Exercise directions: Print each line below verbatim, skipping every picture.

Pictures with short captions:
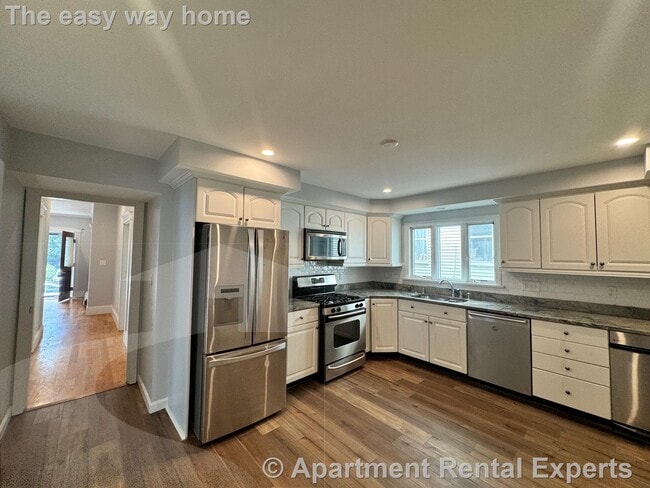136 Sharon St, Unit #1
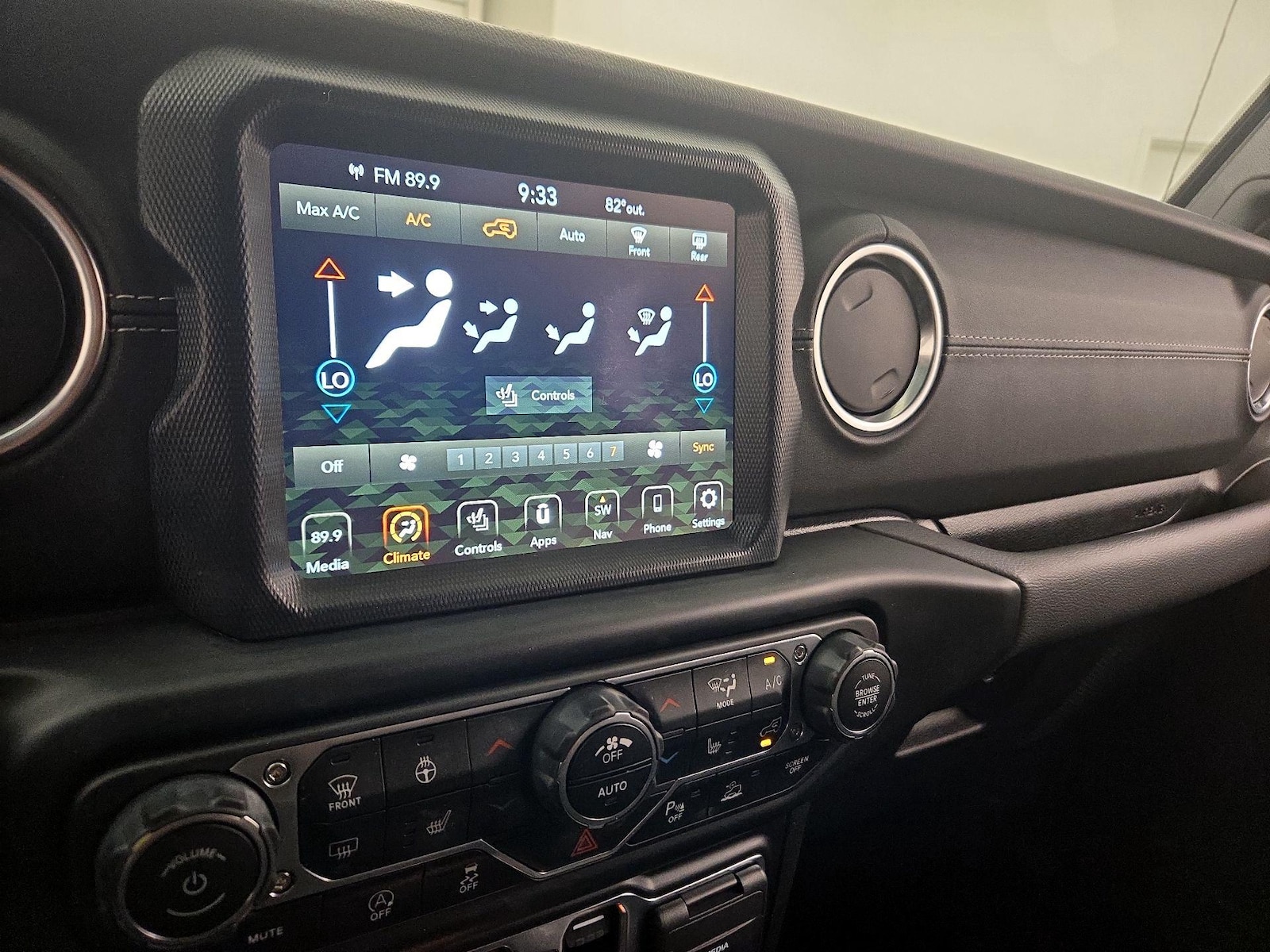 2022 Jeep Wrangler Unlimited Sahara - Photo 16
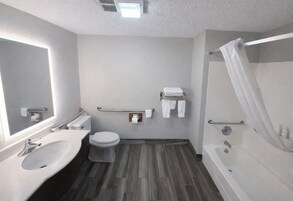 Bañera con ducha, secador de pelo, toallas
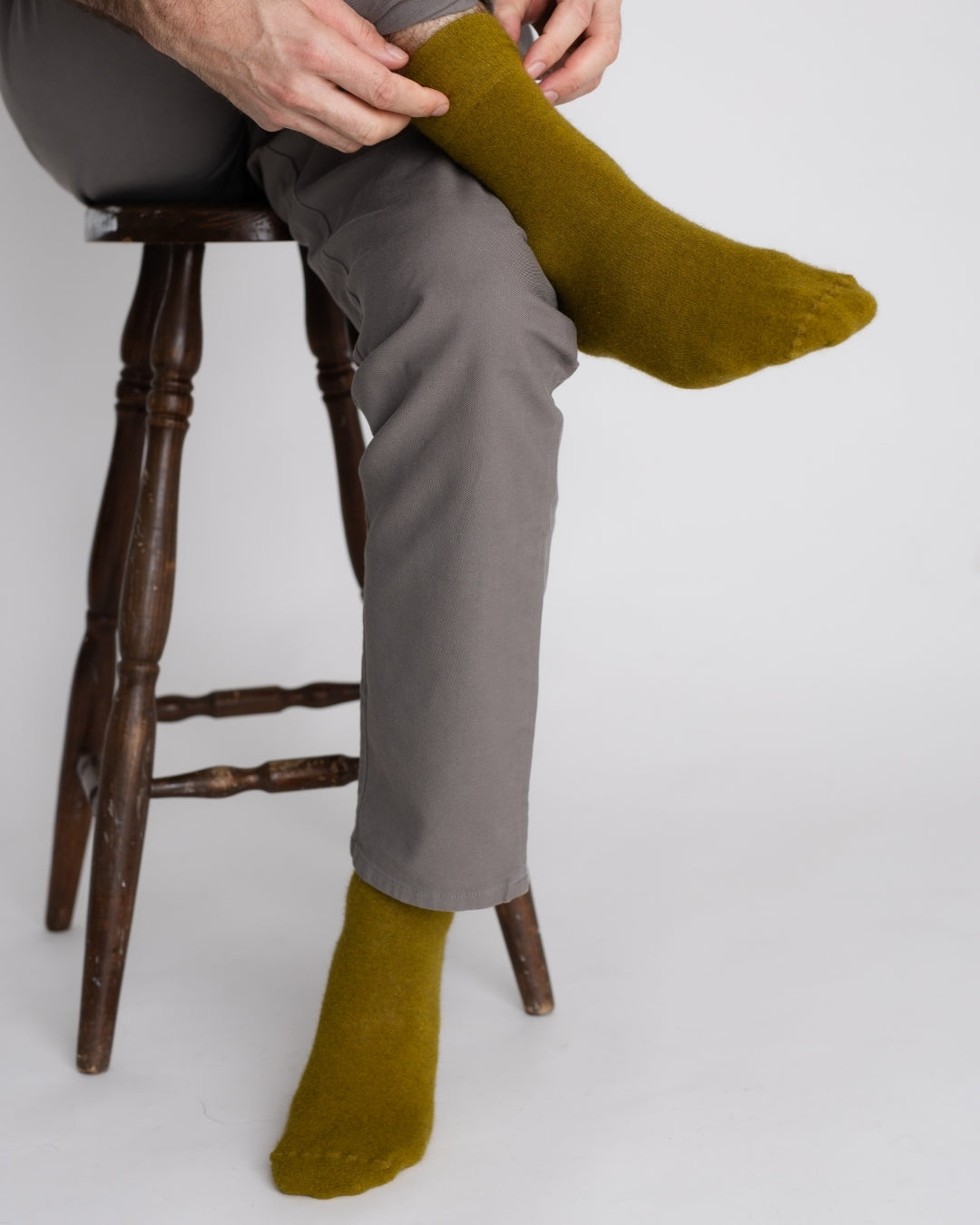 Possum Merino Wool Socks | HAMILTON | Ecru Olive | Men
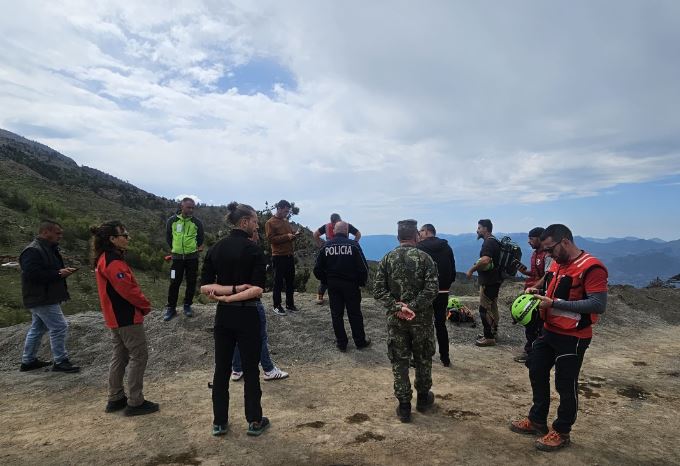 pezullohet-perkohesisht-operacioni-per-te-riun-qe-e-zuri-dheu-ne-shqiperi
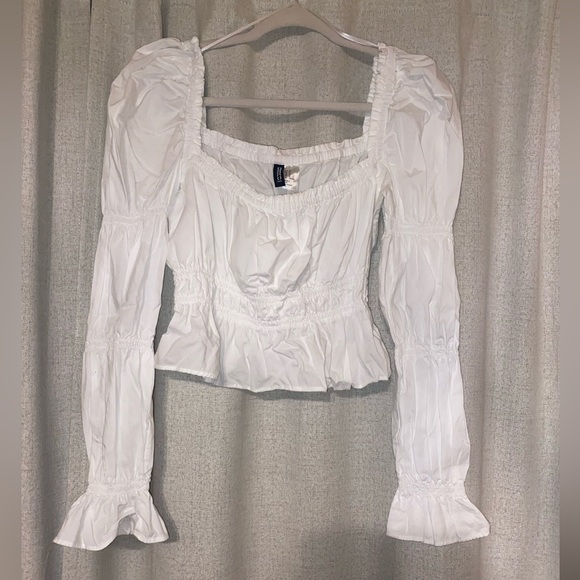H&M Tops - Cropped H&M white blouse, size M, lightly used, great condition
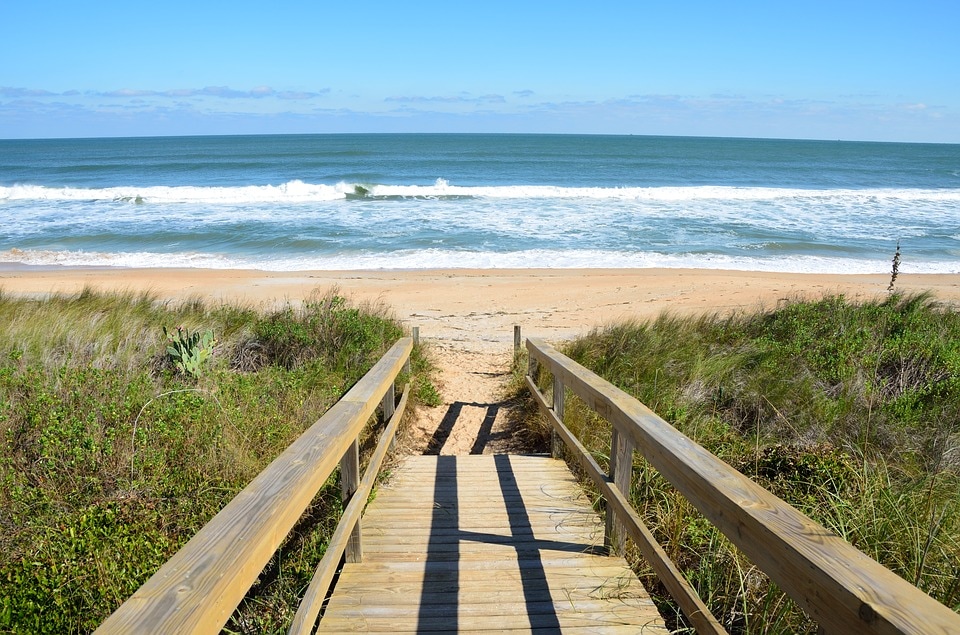 Beach cottage with unspoilt sundowner views.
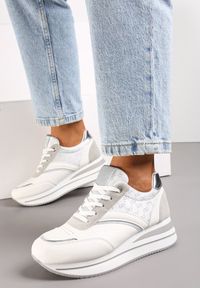Renee - Białe Sneakersy na Platformie z Metaliczną Wstawką Kariel. Okazja: na co dzień. Kolor: biały. Obcas: na platformie #5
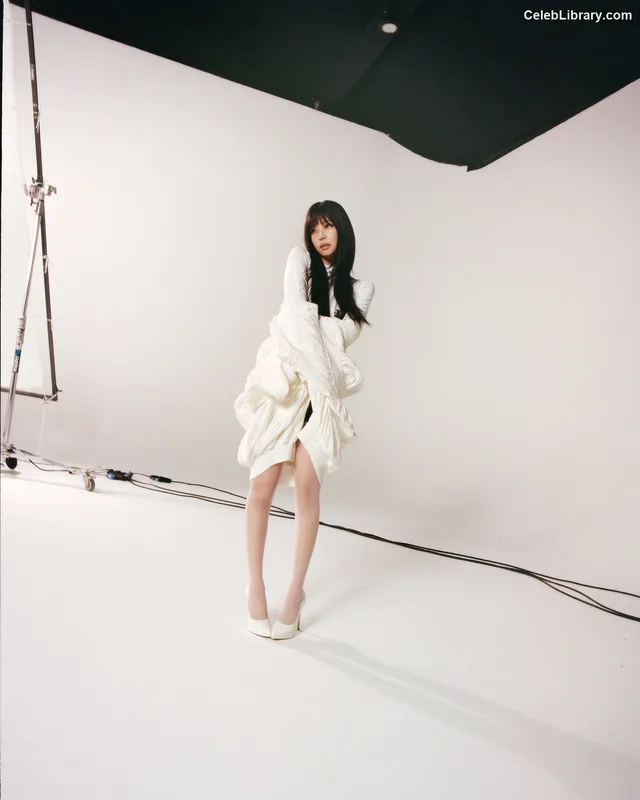 Jennie BLΛƆKPIИK (Blackpink) photo 3 of 3632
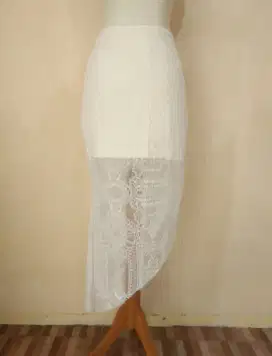 Symetris Lace skirt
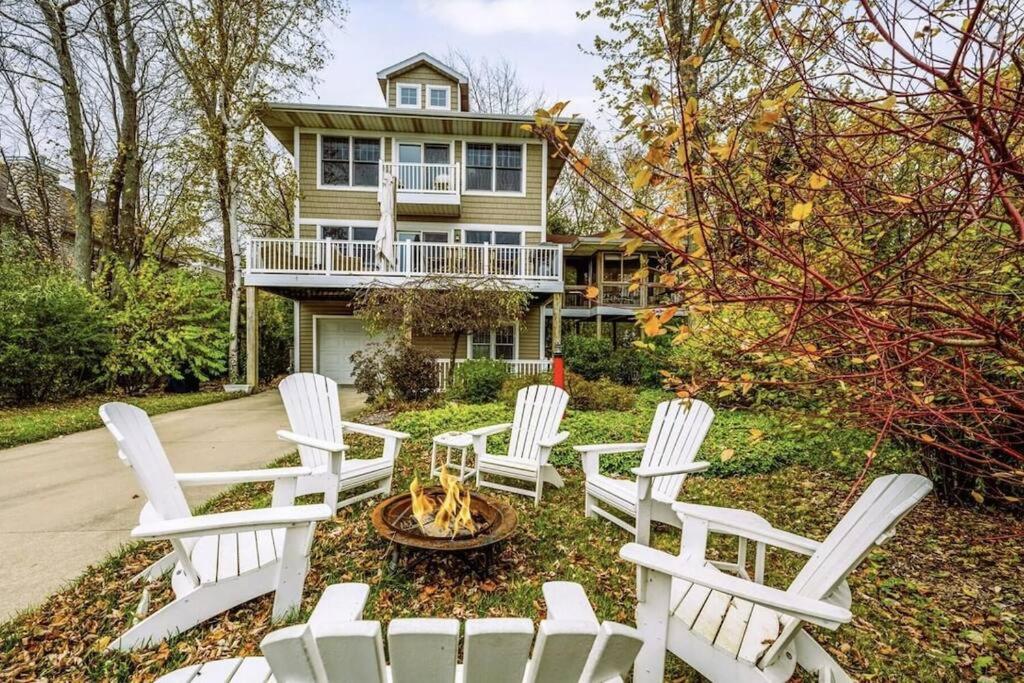 Newly Available Lakefront Retreat; Private Beach Access, South Haven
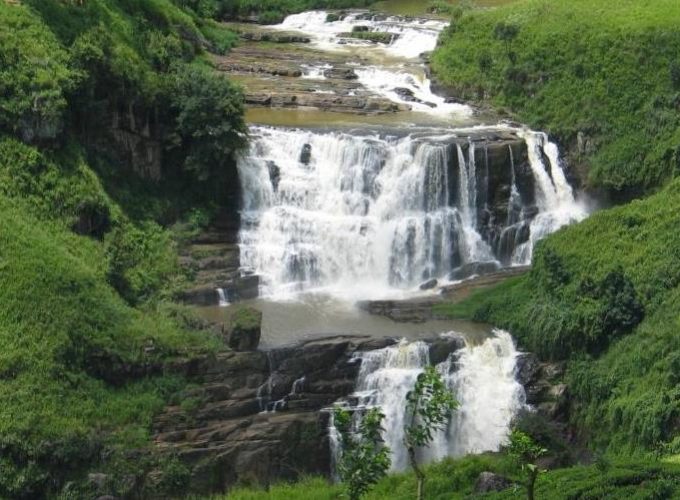 Fountains of Paradise (Waterfalls) Tour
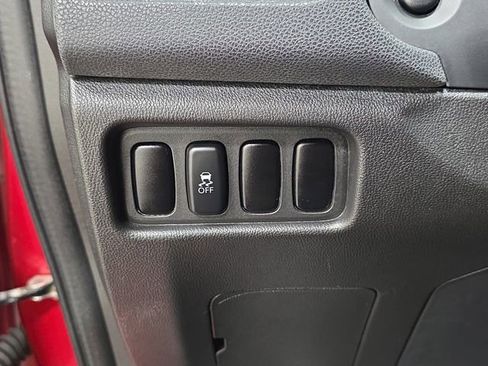 Used 2017 Mitsubishi Outlander Sport LE FWD image 24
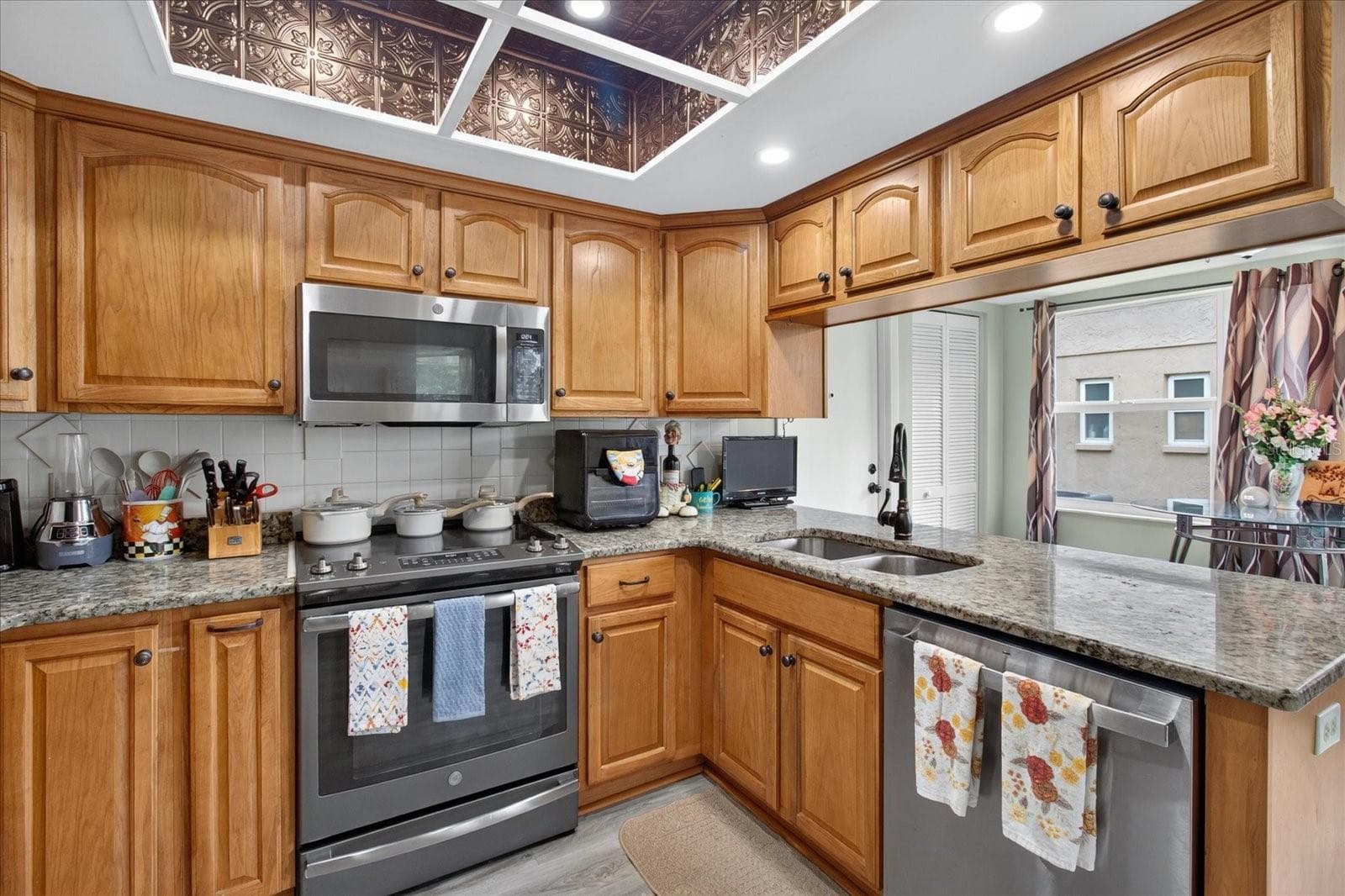 10508 Quimby Dr photo 3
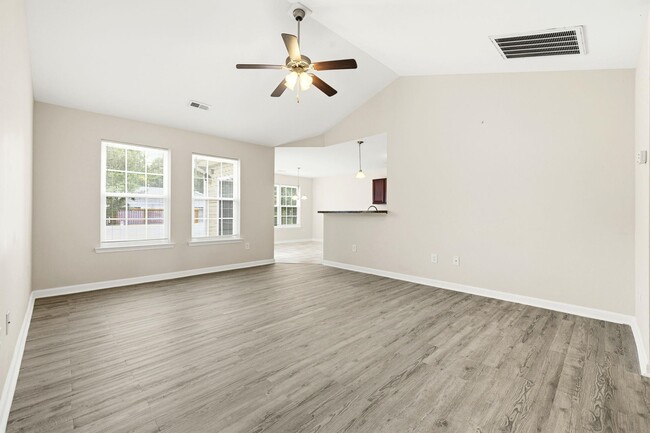 Photo - 2375 Morlynn Dr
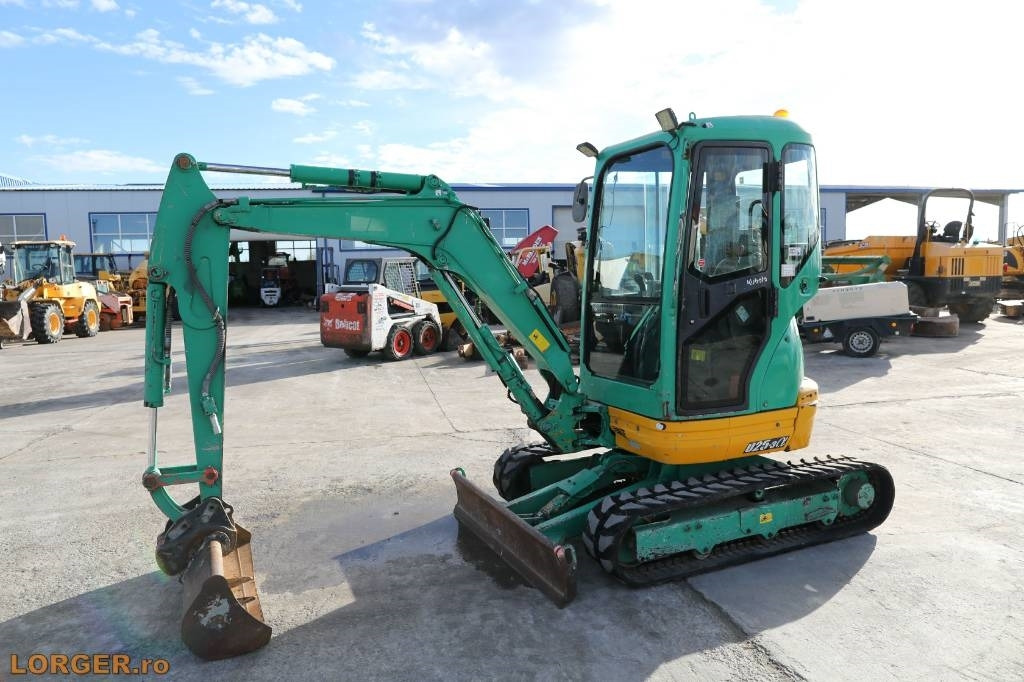 Kubota U25 - 3EU - حفار صغير: صورة 1 Kubota U25 - 3EU - حفار صغير: صورة 1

Solved exercise:
136 Sharon St, Unit #1
 2022 Jeep Wrangler Unlimited Sahara - Photo 16
 Bañera con ducha, secador de pelo, toallas
 Possum Merino Wool Socks | HAMILTON | Ecru Olive | Men
 pezullohet-perkohesisht-operacioni-per-te-riun-qe-e-zuri-dheu-ne-shqiperi
H&M Tops - Cropped H&M white blouse, size M, lightly used, great condition
 Beach cottage with unspoilt sundowner views.
Renee - Białe Sneakersy na Platformie z Metaliczną Wstawką Kariel. Okazja: na co dzień. Kolor: biały. Obcas: na platformie #5
 Jennie BLΛƆKPIИK (Blackpink) photo 3 of 3632
 Symetris Lace skirt
 Newly Available Lakefront Retreat; Private Beach Access, South Haven
 Fountains of Paradise (Waterfalls) Tour
 Used 2017 Mitsubishi Outlander Sport LE FWD image 24
 10508 Quimby Dr photo 3
 Photo - 2375 Morlynn Dr
 Kubota U25 - 3EU - حفار صغير: صورة 1 Kubota U25 - 3EU - حفار صغير: صورة 1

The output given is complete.